Crawled caption data
--*--

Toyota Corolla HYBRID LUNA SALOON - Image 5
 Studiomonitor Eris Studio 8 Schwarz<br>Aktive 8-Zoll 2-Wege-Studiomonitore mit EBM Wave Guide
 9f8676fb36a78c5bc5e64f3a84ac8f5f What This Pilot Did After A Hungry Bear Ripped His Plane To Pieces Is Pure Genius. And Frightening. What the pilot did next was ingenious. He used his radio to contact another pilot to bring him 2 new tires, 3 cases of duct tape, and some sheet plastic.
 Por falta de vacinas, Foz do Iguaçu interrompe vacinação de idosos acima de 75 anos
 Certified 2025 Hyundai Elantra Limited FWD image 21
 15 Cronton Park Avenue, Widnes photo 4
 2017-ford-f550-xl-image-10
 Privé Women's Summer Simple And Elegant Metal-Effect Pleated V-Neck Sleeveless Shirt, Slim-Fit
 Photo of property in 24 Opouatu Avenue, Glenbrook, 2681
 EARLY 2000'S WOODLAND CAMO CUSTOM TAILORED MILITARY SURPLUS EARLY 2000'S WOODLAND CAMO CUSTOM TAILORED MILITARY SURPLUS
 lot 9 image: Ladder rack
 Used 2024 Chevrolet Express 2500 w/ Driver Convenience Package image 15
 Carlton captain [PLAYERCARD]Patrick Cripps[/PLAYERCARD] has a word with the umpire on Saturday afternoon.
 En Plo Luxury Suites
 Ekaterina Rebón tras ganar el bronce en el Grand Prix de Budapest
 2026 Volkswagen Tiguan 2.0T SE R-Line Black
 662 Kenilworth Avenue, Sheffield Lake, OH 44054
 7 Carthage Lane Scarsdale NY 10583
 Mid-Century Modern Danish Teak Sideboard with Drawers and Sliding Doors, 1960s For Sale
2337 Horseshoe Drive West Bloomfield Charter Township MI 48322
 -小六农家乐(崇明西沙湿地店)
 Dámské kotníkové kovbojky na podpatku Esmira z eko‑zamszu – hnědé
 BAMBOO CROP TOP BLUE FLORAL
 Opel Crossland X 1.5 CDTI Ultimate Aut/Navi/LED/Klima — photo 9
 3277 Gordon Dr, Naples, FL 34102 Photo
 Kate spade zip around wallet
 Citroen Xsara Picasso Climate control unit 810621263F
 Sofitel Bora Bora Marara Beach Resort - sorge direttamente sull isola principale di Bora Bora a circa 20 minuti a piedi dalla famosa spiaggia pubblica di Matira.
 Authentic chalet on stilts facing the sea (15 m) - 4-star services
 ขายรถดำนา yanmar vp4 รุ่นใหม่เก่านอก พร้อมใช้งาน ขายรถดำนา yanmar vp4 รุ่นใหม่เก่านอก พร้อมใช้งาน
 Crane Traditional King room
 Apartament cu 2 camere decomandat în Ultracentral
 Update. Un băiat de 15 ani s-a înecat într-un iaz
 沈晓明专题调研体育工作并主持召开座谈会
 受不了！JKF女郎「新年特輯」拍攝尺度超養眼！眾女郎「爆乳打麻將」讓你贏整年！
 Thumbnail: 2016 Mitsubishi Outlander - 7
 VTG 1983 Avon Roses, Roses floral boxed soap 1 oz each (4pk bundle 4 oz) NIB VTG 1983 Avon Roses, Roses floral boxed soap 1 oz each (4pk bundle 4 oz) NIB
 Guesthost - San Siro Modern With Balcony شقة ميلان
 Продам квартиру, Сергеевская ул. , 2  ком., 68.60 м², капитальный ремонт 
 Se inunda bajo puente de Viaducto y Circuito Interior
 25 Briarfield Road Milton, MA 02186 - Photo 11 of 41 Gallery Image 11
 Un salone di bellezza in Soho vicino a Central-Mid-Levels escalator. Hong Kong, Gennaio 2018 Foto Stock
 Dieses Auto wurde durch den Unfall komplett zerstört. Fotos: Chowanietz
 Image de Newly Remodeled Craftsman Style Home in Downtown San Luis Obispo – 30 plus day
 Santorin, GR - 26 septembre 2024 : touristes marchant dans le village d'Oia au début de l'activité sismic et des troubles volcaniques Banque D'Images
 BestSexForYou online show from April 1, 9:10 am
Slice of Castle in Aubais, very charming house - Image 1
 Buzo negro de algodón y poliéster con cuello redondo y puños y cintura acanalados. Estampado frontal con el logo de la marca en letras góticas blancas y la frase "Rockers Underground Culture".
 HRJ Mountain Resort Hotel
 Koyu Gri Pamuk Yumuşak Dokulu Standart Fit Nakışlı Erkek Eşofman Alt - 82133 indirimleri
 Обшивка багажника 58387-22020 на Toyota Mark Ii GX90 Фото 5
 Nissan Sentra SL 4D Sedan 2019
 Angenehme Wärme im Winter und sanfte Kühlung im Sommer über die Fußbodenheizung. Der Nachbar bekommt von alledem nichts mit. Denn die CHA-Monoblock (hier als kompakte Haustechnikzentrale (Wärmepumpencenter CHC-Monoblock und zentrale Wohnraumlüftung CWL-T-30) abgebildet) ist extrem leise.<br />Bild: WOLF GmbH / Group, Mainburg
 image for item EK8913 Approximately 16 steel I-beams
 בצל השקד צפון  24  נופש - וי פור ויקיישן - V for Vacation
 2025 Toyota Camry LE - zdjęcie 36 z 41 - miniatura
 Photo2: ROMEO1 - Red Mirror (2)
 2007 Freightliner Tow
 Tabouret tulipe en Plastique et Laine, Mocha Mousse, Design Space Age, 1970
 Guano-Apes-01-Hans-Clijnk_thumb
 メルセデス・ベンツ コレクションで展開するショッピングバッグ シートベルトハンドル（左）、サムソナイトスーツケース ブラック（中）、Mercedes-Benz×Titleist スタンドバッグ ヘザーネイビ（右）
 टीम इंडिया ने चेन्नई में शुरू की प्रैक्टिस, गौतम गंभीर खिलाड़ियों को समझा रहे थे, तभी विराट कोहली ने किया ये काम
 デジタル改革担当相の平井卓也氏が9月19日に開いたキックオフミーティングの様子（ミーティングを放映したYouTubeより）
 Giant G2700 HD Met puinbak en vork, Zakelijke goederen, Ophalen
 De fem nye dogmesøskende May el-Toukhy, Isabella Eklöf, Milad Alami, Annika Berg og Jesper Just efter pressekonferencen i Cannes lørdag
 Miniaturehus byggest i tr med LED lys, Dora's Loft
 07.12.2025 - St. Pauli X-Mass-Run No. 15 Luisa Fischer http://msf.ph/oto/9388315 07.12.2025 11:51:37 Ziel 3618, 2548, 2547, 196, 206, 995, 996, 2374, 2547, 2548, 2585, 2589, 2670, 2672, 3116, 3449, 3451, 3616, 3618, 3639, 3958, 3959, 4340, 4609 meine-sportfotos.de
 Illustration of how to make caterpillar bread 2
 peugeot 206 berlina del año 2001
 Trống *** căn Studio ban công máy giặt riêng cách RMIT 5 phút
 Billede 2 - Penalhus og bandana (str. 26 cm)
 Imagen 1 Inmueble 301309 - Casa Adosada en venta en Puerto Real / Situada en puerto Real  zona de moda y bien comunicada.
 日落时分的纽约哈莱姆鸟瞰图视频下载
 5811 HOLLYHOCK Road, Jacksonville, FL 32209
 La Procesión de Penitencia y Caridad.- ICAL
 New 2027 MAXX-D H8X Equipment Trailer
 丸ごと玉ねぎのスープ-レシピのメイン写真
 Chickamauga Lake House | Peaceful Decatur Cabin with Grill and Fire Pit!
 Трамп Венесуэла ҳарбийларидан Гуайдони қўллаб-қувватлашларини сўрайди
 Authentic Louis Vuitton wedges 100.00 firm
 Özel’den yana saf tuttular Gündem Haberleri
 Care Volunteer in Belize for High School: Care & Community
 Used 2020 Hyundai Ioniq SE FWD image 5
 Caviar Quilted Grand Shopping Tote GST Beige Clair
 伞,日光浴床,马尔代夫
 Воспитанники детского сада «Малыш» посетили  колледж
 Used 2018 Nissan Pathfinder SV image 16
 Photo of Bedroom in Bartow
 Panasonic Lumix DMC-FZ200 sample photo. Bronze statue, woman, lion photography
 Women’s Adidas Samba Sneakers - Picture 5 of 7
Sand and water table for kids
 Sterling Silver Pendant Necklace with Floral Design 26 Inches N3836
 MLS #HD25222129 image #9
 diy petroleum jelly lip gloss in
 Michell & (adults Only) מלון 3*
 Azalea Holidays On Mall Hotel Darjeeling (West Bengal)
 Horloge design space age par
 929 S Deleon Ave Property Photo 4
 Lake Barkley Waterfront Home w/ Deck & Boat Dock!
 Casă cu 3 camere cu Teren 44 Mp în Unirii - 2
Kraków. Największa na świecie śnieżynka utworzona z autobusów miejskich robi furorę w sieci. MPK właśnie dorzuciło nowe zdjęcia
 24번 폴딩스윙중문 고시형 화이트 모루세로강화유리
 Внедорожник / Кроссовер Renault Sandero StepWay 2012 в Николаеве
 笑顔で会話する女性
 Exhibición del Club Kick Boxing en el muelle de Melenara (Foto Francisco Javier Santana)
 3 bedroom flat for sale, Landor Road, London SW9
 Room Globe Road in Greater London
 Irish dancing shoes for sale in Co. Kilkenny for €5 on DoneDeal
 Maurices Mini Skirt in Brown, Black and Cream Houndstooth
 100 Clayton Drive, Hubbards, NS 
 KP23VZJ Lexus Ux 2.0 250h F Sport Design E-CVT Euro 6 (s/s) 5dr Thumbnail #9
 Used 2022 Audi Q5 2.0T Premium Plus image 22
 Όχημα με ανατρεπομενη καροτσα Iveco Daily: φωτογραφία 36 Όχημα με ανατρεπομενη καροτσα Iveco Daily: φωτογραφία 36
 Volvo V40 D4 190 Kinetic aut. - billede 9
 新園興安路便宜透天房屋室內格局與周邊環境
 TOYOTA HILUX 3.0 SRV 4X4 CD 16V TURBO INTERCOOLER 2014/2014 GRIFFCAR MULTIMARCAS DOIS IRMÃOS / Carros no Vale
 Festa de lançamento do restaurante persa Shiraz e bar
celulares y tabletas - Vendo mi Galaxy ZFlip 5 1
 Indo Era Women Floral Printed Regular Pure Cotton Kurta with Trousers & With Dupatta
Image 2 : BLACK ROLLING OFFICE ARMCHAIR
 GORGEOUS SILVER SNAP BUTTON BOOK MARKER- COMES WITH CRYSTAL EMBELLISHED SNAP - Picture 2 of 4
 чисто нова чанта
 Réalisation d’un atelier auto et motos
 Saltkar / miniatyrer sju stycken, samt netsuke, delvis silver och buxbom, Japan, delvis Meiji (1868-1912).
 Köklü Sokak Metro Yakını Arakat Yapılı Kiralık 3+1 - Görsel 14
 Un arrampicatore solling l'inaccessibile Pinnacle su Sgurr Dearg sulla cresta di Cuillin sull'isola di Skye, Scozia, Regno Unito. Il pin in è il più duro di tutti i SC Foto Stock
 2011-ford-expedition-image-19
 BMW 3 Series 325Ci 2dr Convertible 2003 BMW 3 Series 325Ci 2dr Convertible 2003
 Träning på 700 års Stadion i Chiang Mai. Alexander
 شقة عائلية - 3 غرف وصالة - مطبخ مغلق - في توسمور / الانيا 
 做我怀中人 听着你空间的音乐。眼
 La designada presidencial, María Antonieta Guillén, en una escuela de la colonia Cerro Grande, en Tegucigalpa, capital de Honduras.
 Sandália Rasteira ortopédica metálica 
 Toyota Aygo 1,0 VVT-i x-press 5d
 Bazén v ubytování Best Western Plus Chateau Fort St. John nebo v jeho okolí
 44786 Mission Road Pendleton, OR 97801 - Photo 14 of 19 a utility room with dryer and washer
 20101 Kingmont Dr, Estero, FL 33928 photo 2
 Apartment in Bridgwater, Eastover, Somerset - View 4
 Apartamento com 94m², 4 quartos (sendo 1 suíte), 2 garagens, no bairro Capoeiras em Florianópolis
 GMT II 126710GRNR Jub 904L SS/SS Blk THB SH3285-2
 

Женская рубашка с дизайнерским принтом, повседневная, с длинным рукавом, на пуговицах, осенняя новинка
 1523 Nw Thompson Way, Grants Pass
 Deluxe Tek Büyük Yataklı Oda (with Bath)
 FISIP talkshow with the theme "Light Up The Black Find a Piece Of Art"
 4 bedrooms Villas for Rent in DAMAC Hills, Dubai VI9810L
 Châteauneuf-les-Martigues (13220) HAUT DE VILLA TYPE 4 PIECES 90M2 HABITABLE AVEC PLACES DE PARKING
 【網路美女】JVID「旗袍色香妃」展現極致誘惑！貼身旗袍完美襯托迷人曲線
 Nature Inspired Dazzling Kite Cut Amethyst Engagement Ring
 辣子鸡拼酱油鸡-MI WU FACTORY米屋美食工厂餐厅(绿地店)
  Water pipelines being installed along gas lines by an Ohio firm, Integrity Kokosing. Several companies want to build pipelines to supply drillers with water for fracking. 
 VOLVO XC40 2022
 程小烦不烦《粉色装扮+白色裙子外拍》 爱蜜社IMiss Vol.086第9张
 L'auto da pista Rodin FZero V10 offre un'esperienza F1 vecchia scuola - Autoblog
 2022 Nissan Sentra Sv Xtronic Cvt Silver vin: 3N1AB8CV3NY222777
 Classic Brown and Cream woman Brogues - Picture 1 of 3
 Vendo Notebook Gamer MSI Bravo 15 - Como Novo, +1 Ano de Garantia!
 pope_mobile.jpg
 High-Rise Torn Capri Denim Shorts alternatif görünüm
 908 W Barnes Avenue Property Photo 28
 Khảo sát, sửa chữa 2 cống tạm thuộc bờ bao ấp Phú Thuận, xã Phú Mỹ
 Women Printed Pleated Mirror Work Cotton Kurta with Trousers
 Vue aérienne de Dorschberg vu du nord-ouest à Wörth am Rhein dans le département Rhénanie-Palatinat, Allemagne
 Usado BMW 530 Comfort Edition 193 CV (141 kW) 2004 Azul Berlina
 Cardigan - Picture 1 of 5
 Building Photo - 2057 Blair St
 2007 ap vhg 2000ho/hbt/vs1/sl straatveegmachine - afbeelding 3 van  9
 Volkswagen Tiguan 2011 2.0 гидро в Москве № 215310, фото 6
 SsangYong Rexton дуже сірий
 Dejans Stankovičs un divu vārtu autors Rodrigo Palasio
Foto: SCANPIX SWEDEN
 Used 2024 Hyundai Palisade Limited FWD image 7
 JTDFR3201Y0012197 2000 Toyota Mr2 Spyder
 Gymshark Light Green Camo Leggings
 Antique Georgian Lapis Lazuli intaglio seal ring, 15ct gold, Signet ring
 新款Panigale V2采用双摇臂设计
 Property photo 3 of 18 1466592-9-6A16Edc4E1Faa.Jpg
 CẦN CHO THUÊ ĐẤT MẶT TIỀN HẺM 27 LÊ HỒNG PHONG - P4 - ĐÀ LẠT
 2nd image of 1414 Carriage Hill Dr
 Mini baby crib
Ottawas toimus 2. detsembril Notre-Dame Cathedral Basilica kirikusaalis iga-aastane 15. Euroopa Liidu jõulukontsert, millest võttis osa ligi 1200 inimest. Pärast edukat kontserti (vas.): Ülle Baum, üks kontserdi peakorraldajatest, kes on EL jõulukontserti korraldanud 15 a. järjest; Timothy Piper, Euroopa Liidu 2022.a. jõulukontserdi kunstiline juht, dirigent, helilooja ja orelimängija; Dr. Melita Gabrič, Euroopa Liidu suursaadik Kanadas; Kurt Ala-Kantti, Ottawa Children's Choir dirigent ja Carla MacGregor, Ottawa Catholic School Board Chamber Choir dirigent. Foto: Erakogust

--*--

Line count for the string "Women": tally the lines of the records above that contain it and give only the result.

Solution to this problem: 4